Friday, July 29, 2016

Some Facts On Robotic Surgery Houston Clients Need To Be Aware Of

By Debra Butler

Robotic surgery is a minimally invasive surgical technique that allows the surgeon to work with the help of a special robot. The robot is attached to surgical instruments and acts like an extension of the hands of the surgeon. It is important to mention that the robot does not conduct the operation unaided contrary to common belief. If they plan on having robotic surgery Houston patients need to know a number of things beforehand.

One needs to do several things as part of the preparation process before they undergo the procedure. Many of them are similar to the requirements for other operations. Such may include, for instance, the determination of platelet and hemoglobin as a means of assessing the risk of bleeding. If one is on drugs that may increase the risk of blood loss, they will be asked to stop them ten days before the day of the operation.

The surgeon will typically sit next to a computer that is located within the operating room. Once anesthesia has been given (whether regional or general), the surgeon will make three small incisions in the area being operated. These incisions are used for the insertion of instruments. An endoscope is inserted through one of the ports of entry and used to transmit the events at the surgical field onto a monitor.

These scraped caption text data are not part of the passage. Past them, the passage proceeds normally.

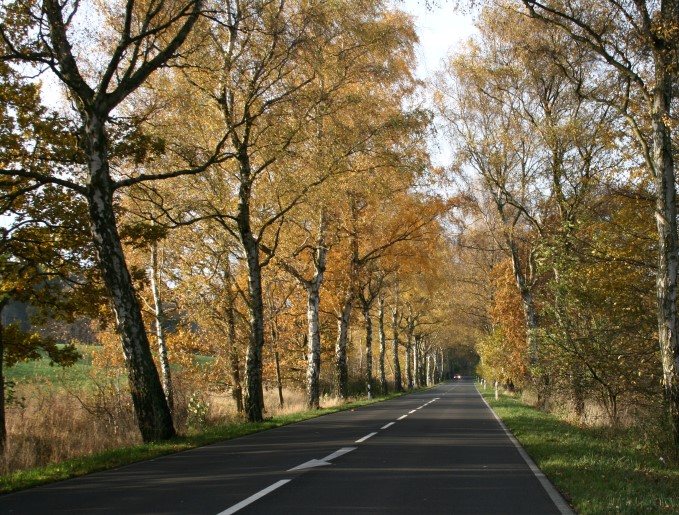 Alleen auf Rügen 2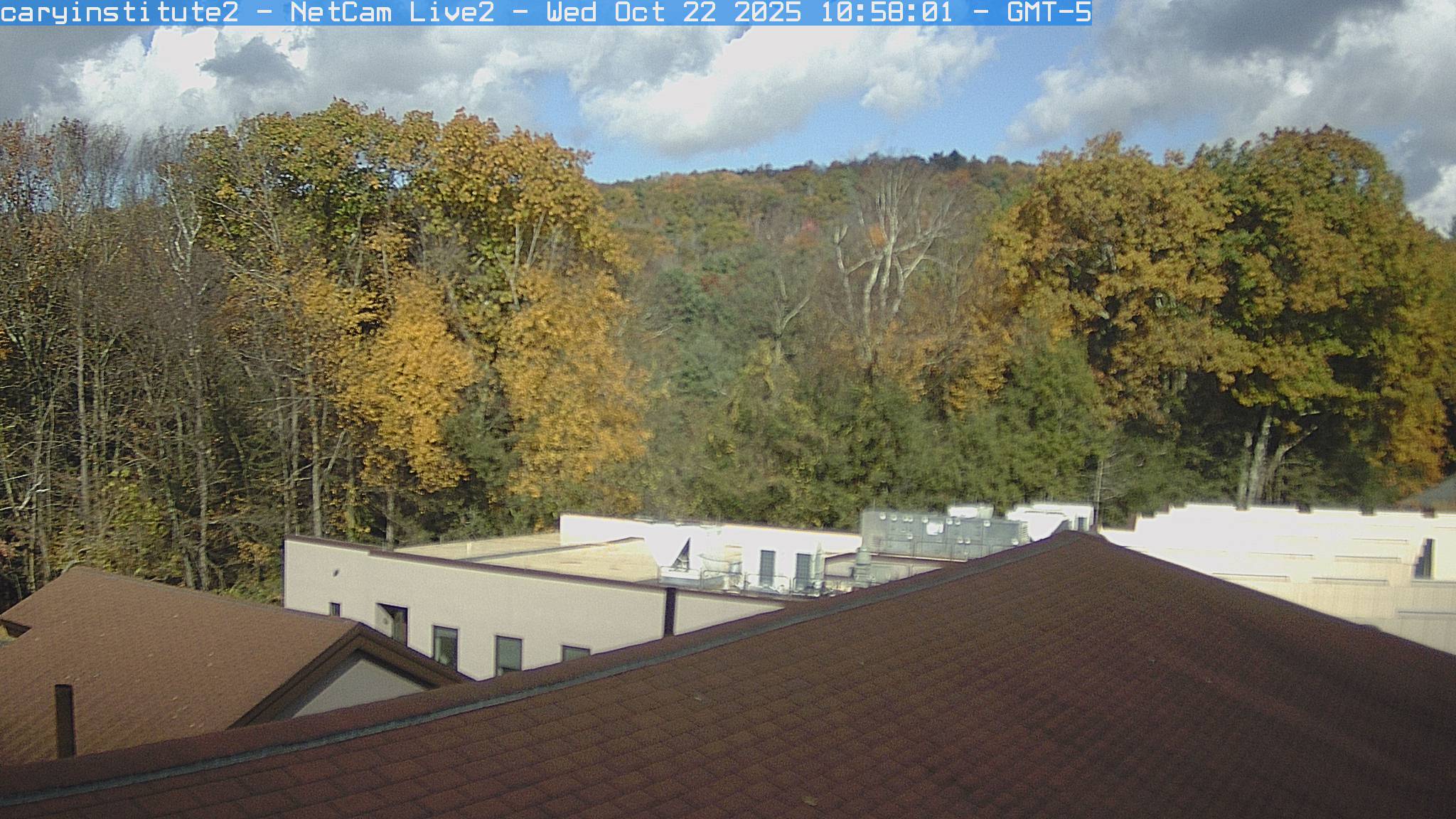 A rooftop camera at the Cary Institute in Millbrook looks over a shingle roof and a flat-roofed building to broadleaf woods and a ridge.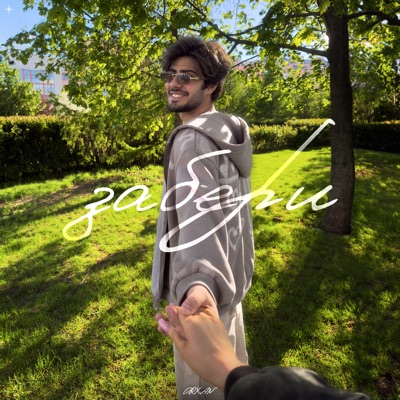 Забери - Single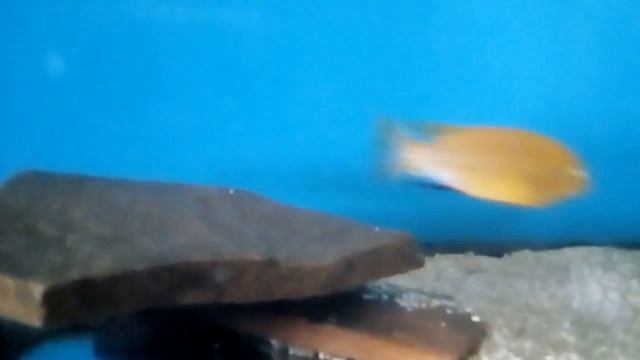 VID 20180528 115406 смотреть онлайн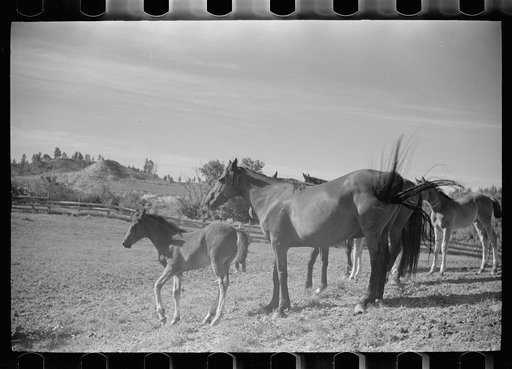 Untitled photo, possibly related to: Mares and colts in corral after branding, Quarter Circle U Ranch roundup, Montana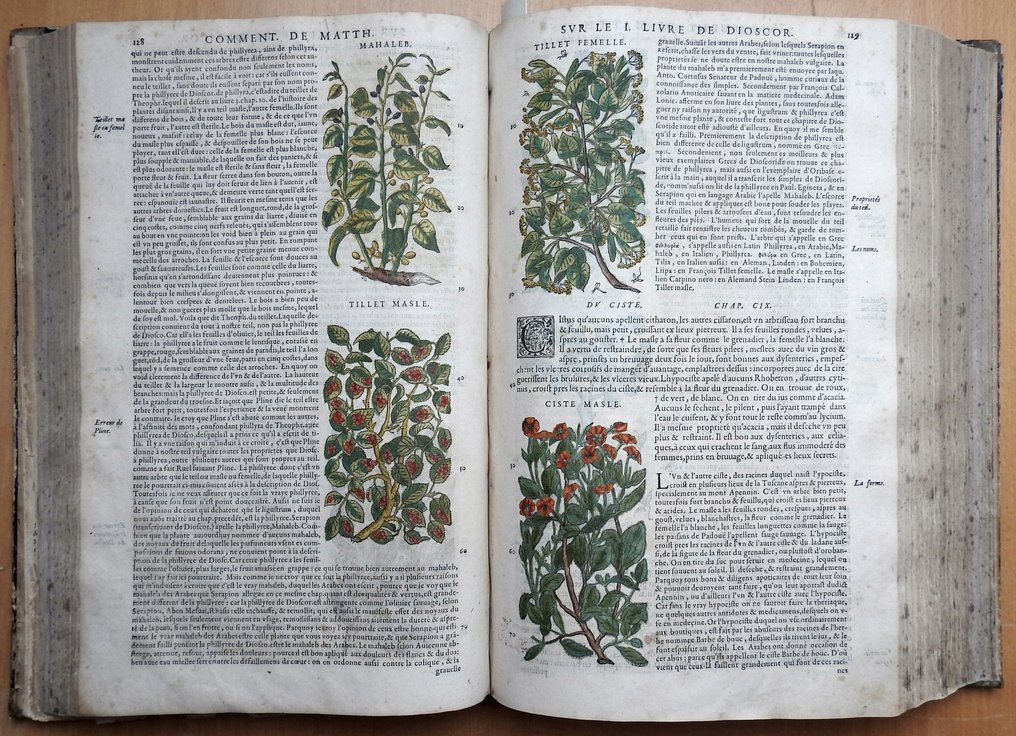 Petrus Andreas MATTIOLI - Commentaires-Gorgeous handcoloured herbal book - 1579 #2.1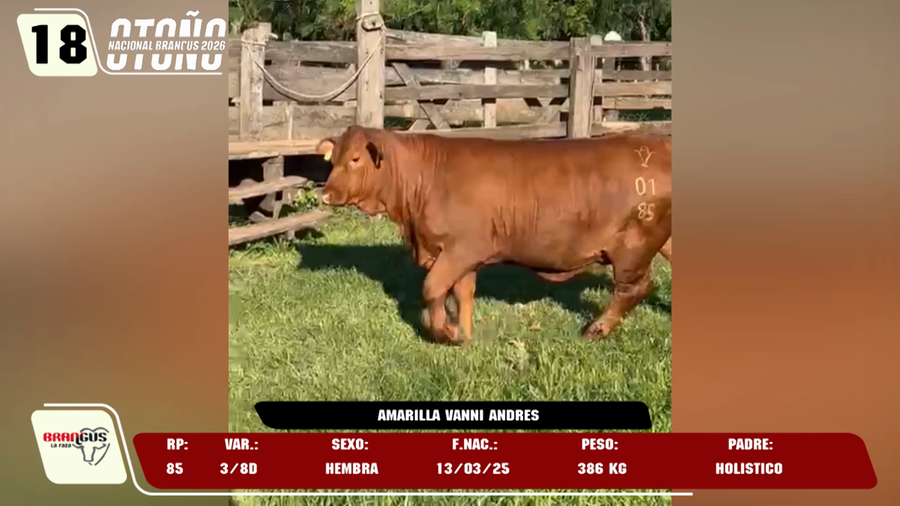 Lote LOTE 18 -DE JUNIOR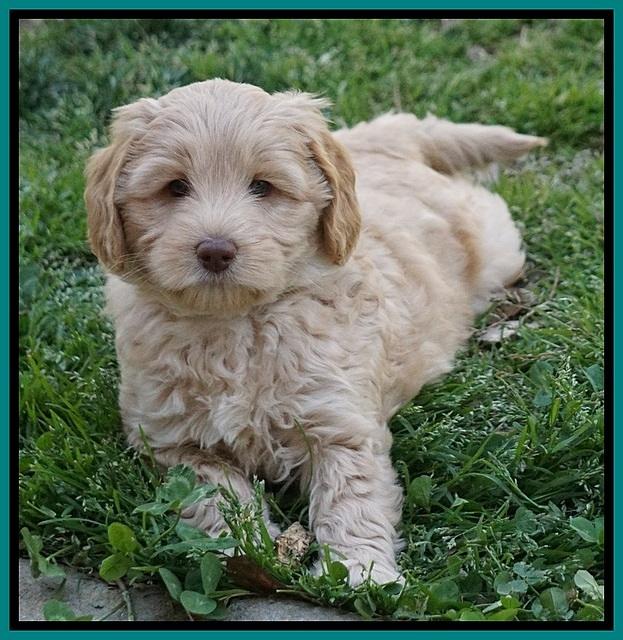 Macy Ollie pups 7 wks old 271000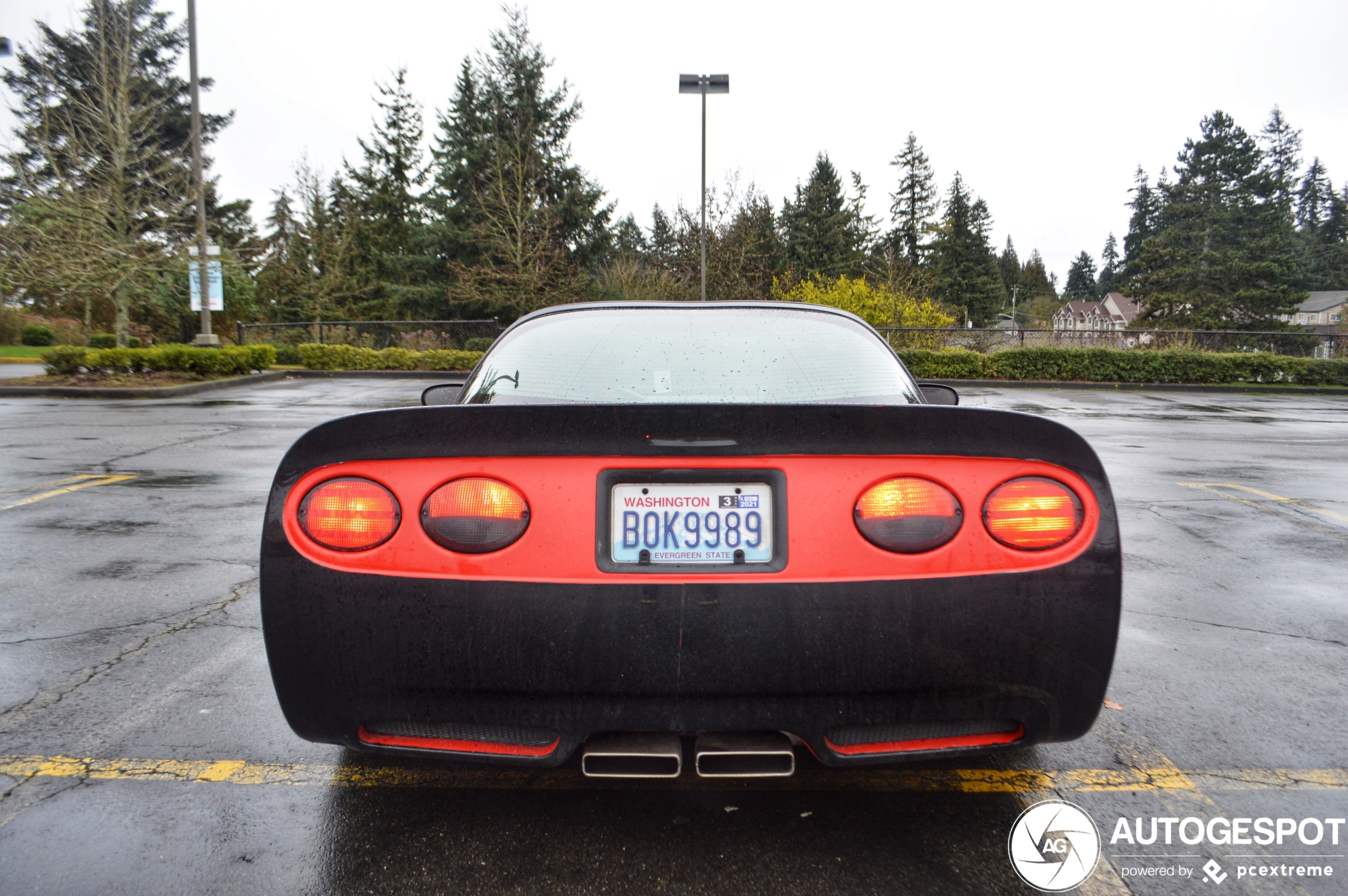 Chevrolet Corvette C5 Tiger Shark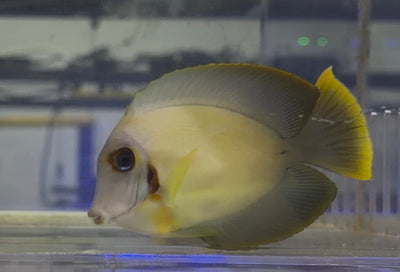 wholesale_coral - saltwater_fish saltwater_coral - rare corals - coralsdepot - Corals_Depot - live_corals - eye - catching - coral quality_marine_fish - quality - marine discoun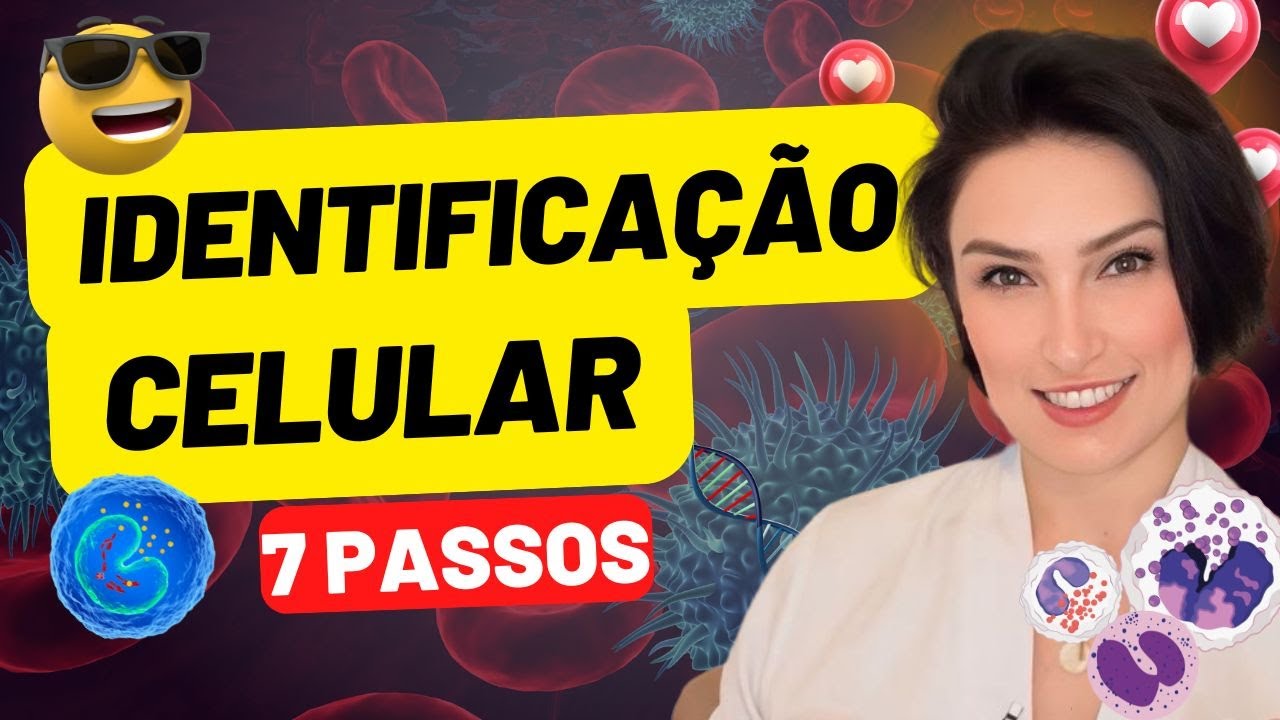 Identificação de Células Hematológicas 7 Passos Mais Fáceis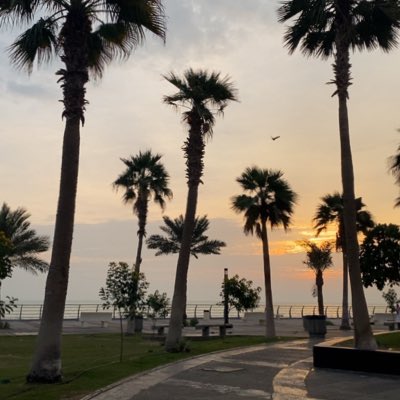 Iqoexe's tweet photo. #NewProfilePic اخترتها بكل عشوائية عشان الشرقية وكذا https://t.co/5X1ln6KWAX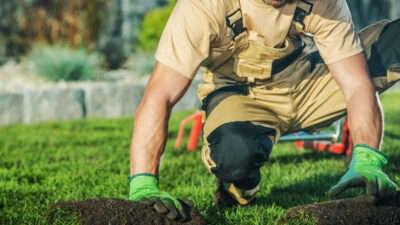 Dealing with HOA Lawn Rules Without Spending a Fortune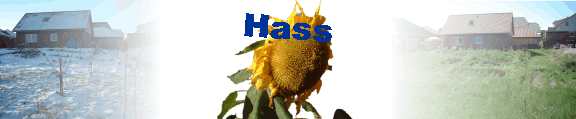 Hass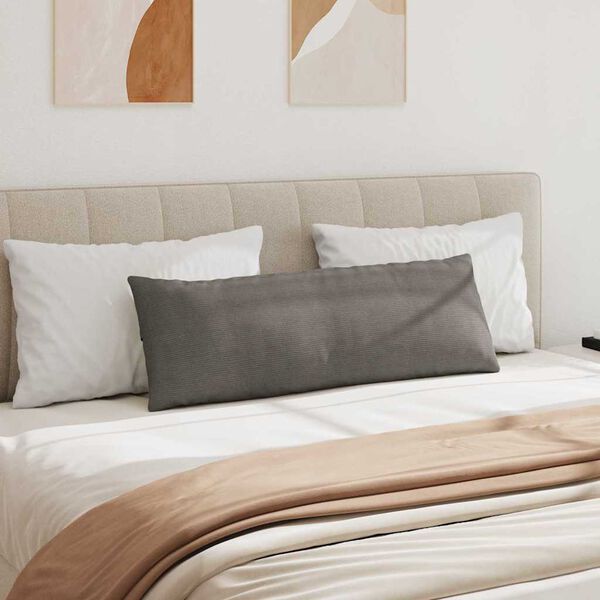 vidaXL Coussins de canapé 2 pcs Gris clair 120 x 40 cm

The robotic equipment has been developed in a manner that facilitates the projection of 3-D images. This creates a scenario that is almost similar to what would be experienced if the surgeon was conducting an open surgical operation. If you are anesthetized only at the spinal level then you may witness the operation from a screen (you may need to put in a request for this). The robot transmits hand movements to the surgical instruments.

Robot assisted procedures are indicated for a wide range of conditions. Examples include surgical hernia repair, gynecological procedures such as hysterectomy, tubal ligation (and reversal), coronary artery bypass, reduction of tumor mass, heart valve repair and prostatectomy among others. This option cannot, however, be used when handling complex operations and surgeries where manual manipulation is needed.

Compared to the open technique and other endoscopic options, there are a number of advantages that will be realized. One of them is the fact that greater precision of cutting can be achieved due to the computerized assistance that is used here. This makes it possible to operate in very small spaces without damaging the adjacent structures. The surgeon sits comfortably hence is less likely to suffer from fatigue that is common during long procedures.

There are a number of factors that may contribute to the low uptake of this technique by hospitals as well as individual surgeons. One of the biggest hindrances is inaccessibility of the equipment. The robots are only available in select hospitals. The other challenge is the lack of adequate skills among surgeons. Some of these surgeons would prefer sticking with techniques that they are familiar with.

As is the case with many other types of surgeries, some complications may be encountered when this technique is used. However, the risk is less than that associated with other techniques such as the open procedure and conventional laparoscopy. The most commonly encountered complications include bleeding, reactions to the anesthetic drugs used infections. The risk of these complications can be lowered even further by having adequate preparation.